Given records:
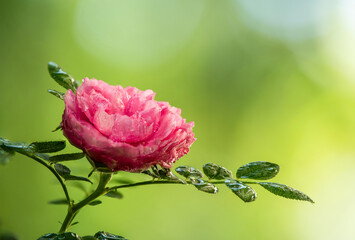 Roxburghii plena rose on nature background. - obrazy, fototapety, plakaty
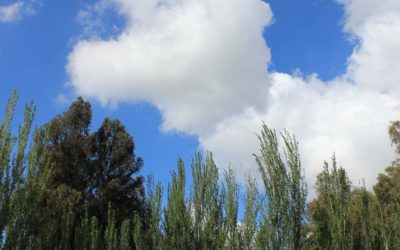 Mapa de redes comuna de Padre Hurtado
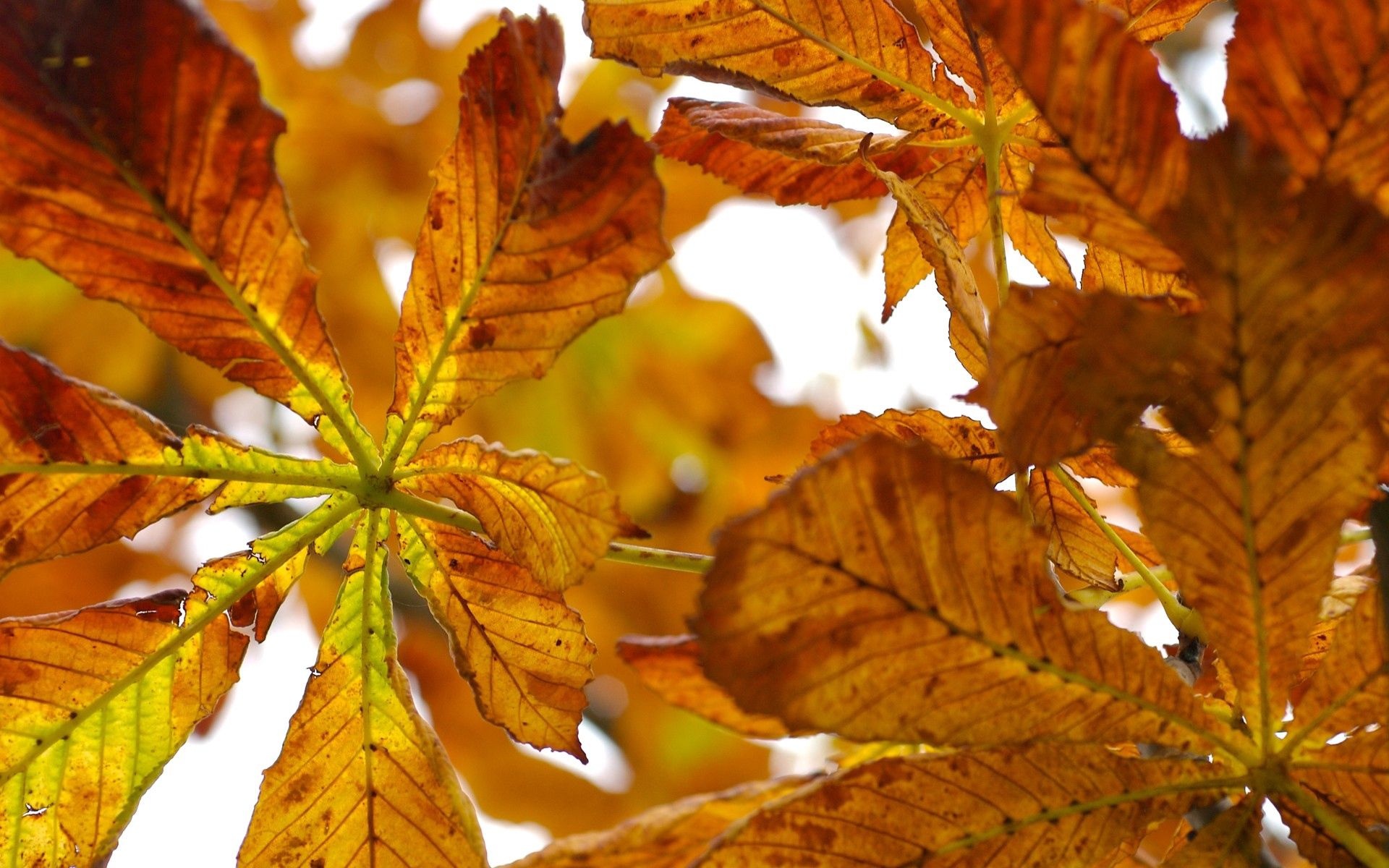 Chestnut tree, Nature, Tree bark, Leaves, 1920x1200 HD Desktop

--

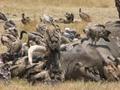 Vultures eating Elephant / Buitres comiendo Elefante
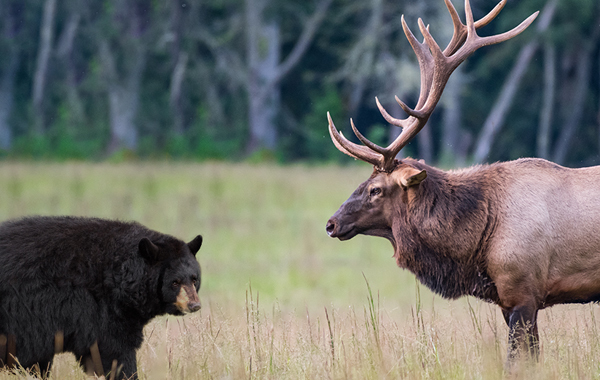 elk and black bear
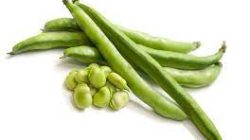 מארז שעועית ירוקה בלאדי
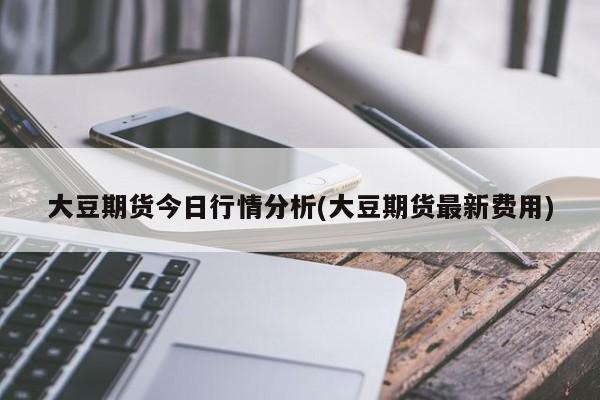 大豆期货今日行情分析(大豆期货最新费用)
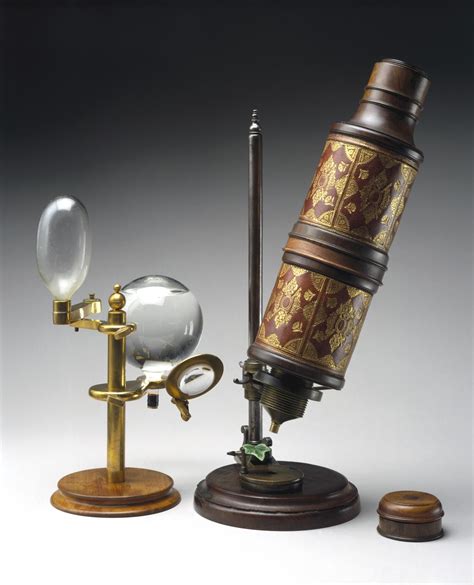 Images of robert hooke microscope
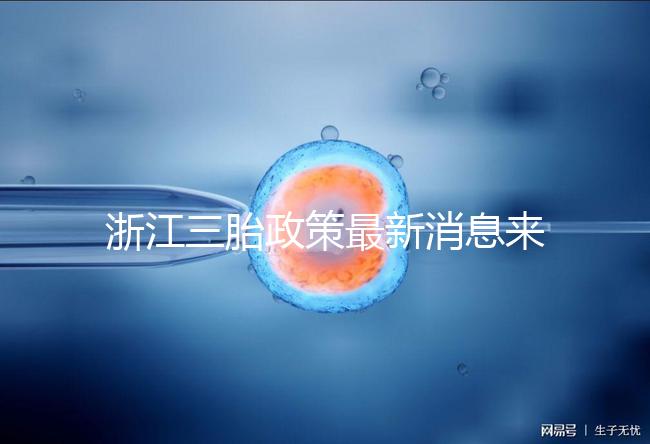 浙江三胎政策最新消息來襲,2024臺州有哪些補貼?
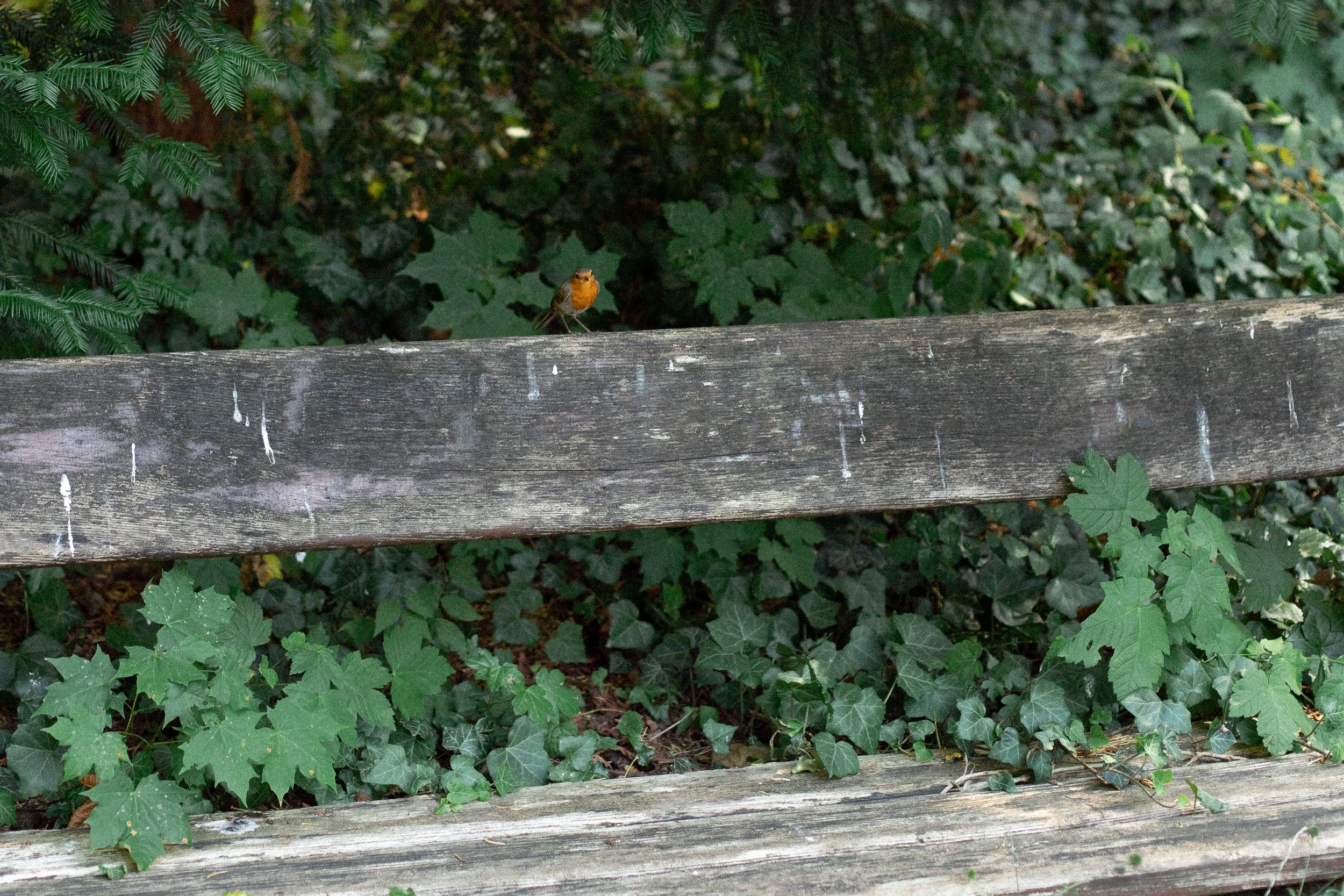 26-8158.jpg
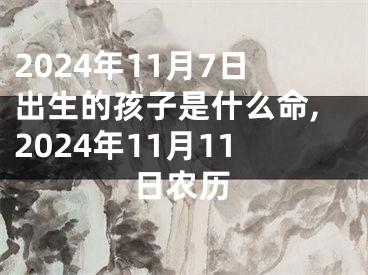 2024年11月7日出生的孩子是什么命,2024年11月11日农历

---

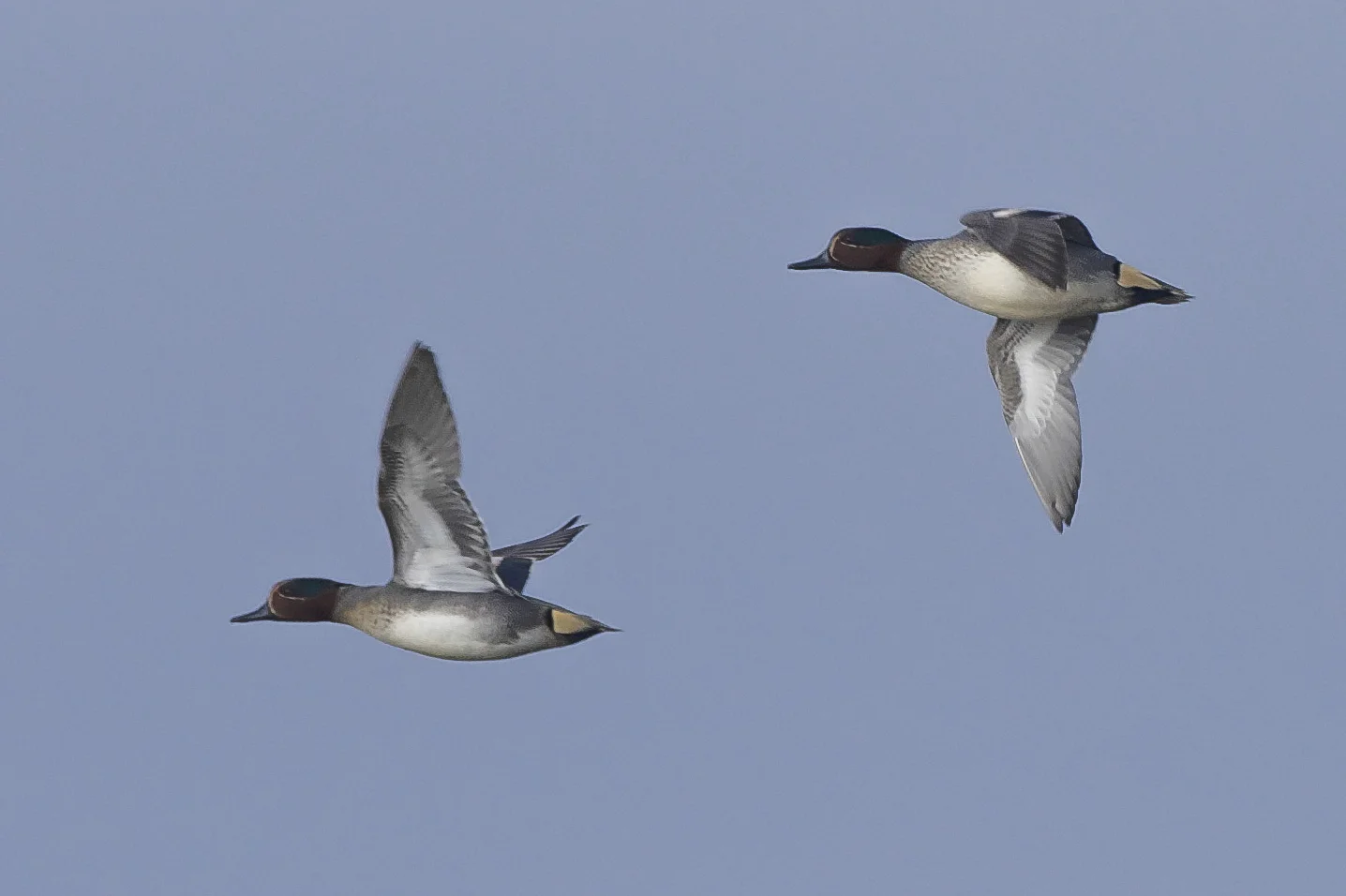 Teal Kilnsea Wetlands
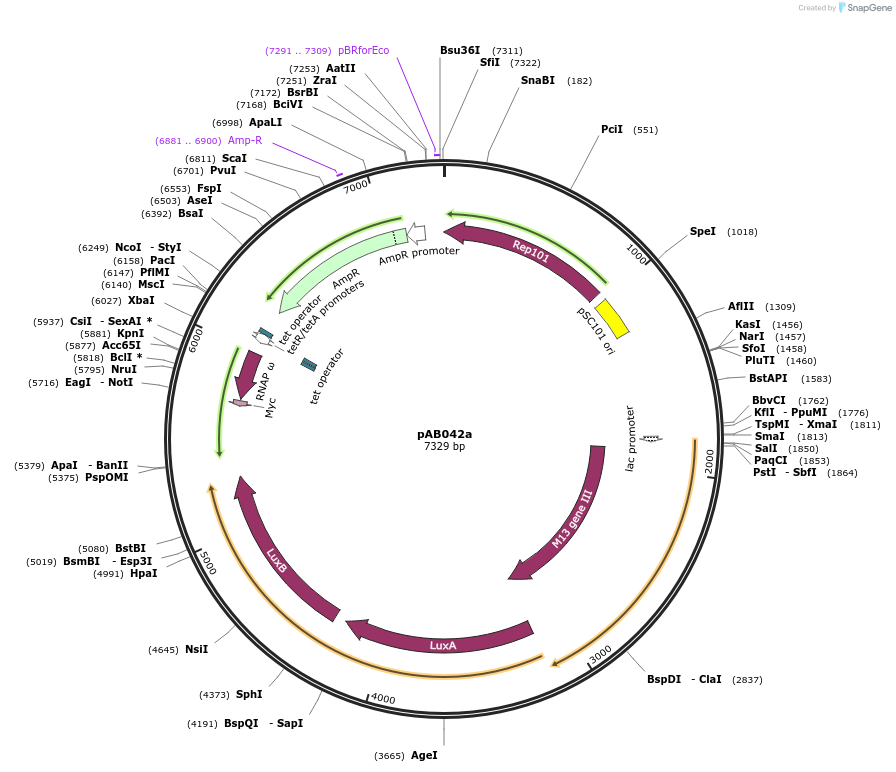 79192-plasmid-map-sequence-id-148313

The task:
Leave the pictures out, and transcribe exactly the lines above starting at the one that contains "Mapa de redes comuna de Padre Hurtado" and ending at the one that contains "Chestnut tree, Nature, Tree".

Reply to the exercise:
 Mapa de redes comuna de Padre Hurtado
 Chestnut tree, Nature, Tree bark, Leaves, 1920x1200 HD Desktop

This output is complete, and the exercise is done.